→ **Records shown**:
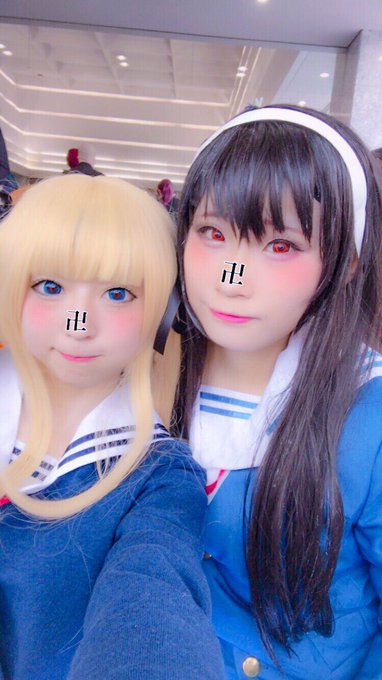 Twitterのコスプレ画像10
==
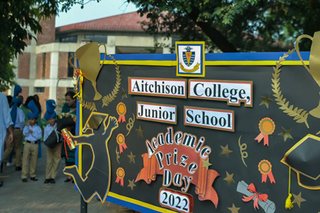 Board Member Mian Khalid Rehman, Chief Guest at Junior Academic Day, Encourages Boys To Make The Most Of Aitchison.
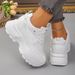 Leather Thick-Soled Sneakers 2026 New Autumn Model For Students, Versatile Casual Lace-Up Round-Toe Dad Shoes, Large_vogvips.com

→ **Problem**: From the data above, retype only the lines starting with the line with "Board Member Mian" and going on through the line with "Leather Thick-Soled Sneakers", exactly, leaving out the pictures.

→ **Result of the exercise**:
 Board Member Mian Khalid Rehman, Chief Guest at Junior Academic Day, Encourages Boys To Make The Most Of Aitchison.
 Leather Thick-Soled Sneakers 2026 New Autumn Model For Students, Versatile Casual Lace-Up Round-Toe Dad Shoes, Large_vogvips.com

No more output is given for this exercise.